A characteristic which appears to be common to all bishops is that they have opinions. So, if you take 650 bishops and bring them to a campus in Kent, you have 650 opinions about most matters you discuss. If, as a commentator on church matters, you want to run a particular slant to a story, then you are almost guaranteed to find an opinion to support the line you are taking – even though it may only be a 1/650th of the truth.
As we poise midway through this Lambeth Conference this appears to be exactly what is happening here at Canterbury and a distorted picture is emerging about Indaba Groups, the Bible Studies and the Conference outcomes.
I can report that I am really enjoying both my Bible study group and the Indaba Group – they are good opportunities to share experiences, clarify what others are thinking and they give focus as we address key areas for our mission and ministry. Most important of all, they are forums for building relationships and, in a Communion which is fundamentally about relationships then, that is no bad thing. So this 1/650th of the conference is encouraged by the process and valuing an outcome which feels deeply spiritual, as we build bonds of fellowship and trust.
There are those who want to rush forward to address the BIG issue, sweeping aside less important issues for the Communion.
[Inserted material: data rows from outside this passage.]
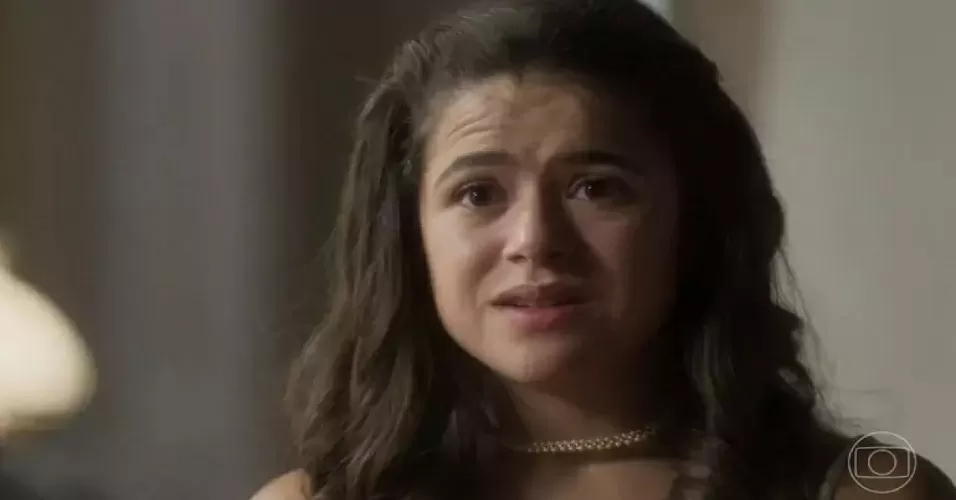 Bia surpresa em cena de Garota do Momento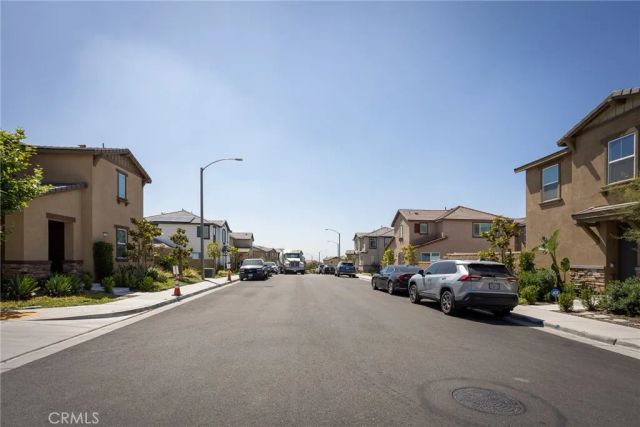 2467 Gunner Ridge Way, Rialto, CA 92377
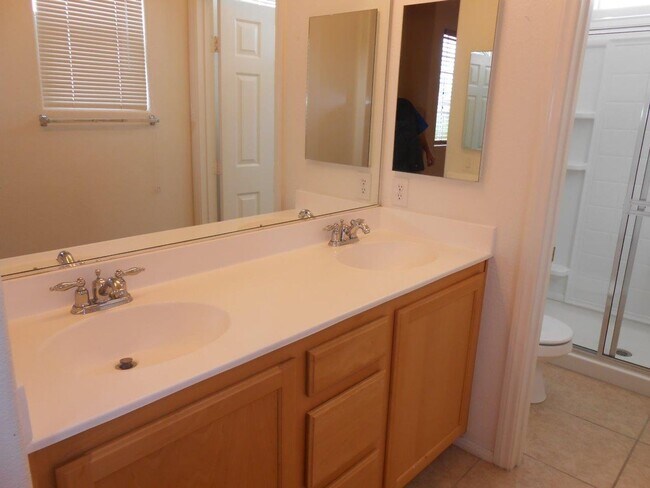 Building Photo - Spacious 2 Bedroom Home near Cactus and Ma...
But how could we meet as a worldwide communion and not be engaged with the challenge for the world coming from global warming? Earlier this evening Professor Chris Rapley , Director of the Science Museum, encouraged the Communion to fill the vacuum of moral leadership in the world as we face of the mounting evidence that unless we change the way we release carbon dioxide, then the damage to the planet’s atmosphere is going bring disastrous consequences.
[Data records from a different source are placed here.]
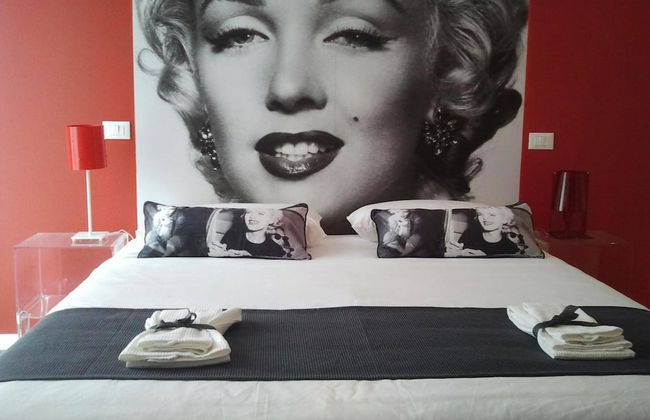 Villa Venice Movie - Photo 22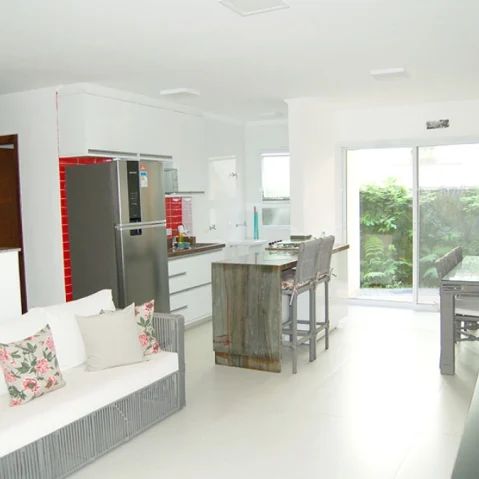 APARTAMENTO TIÊ 15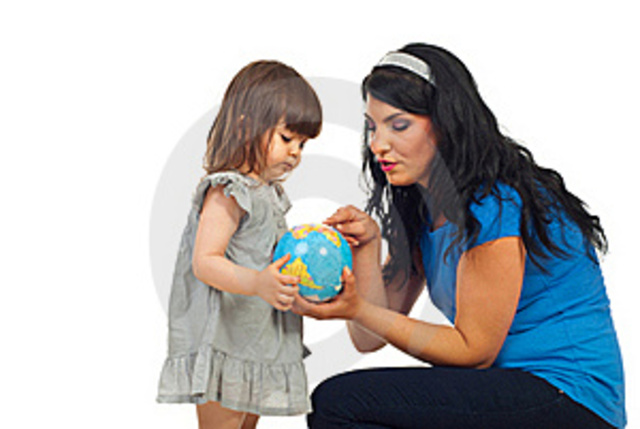 me enseñaba mi madre a escribir leer y los numero y mi padre me contaba la hitoria de colombia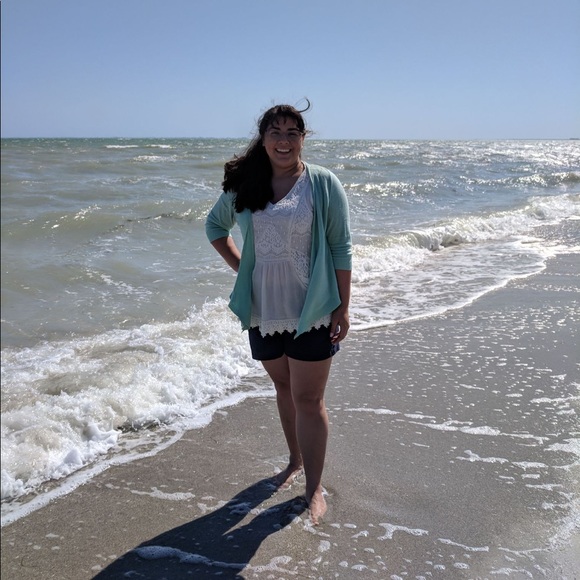 Ashley Fleagle - Poshmark Profile Picture of Ashley Fleagle (@ashleymichele5) on Poshmark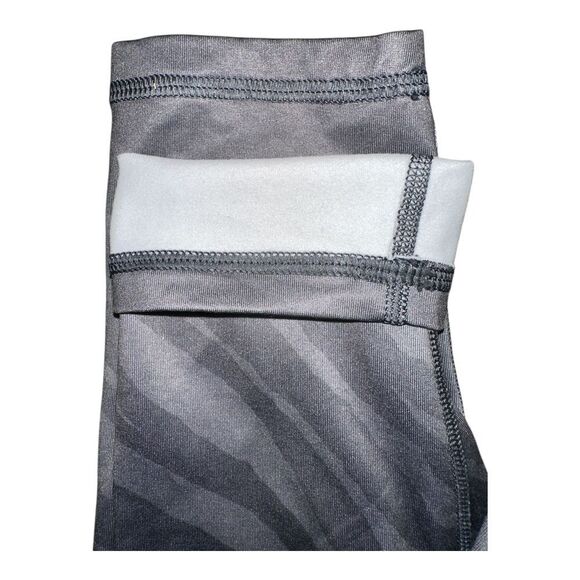 Aerie Gray Zebra Print High Rise Leggings, Medium - Picture 5 of 9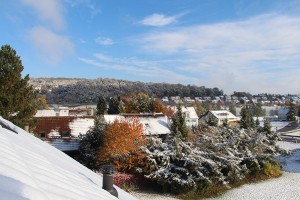 Winterschnee und Wintersonne am Morgen des 28. Oktober 2012, Blick auf den Bocksberg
Over the past 10 days I have met so many bishops who are clearly leaders in their community. Together, we represent a body of leadership which is well placed to give the moral leadership which is so absent from the politicians. To do so we would have to re-order our priorities. Issues within human sexuality are important, how we shape our Communion and cope the variety of approaches to the authority of scripture is important – but our stewardship of God’s gift in creation is fundamentally important for a church whose vocation comes from the one who came that we might have life and have it abundantly.
So the Conference goes on, my Indaba Group has moved off process and is finding its own way to address the issues, whilst my Bible Study Group has become an increasingly good place to be. The outcomes are at present ‘soft’, which is frustrating for those who want ‘hard’ outcomes. I think that these will follow quite swiftly, but they will have more ownership because they will come from the relationships which this conference appears to be fostering.
I was talking with another Bishop earlier today and he agrees with this analysis – so this blog represents 2/650ths of the opinions here at Lambeth.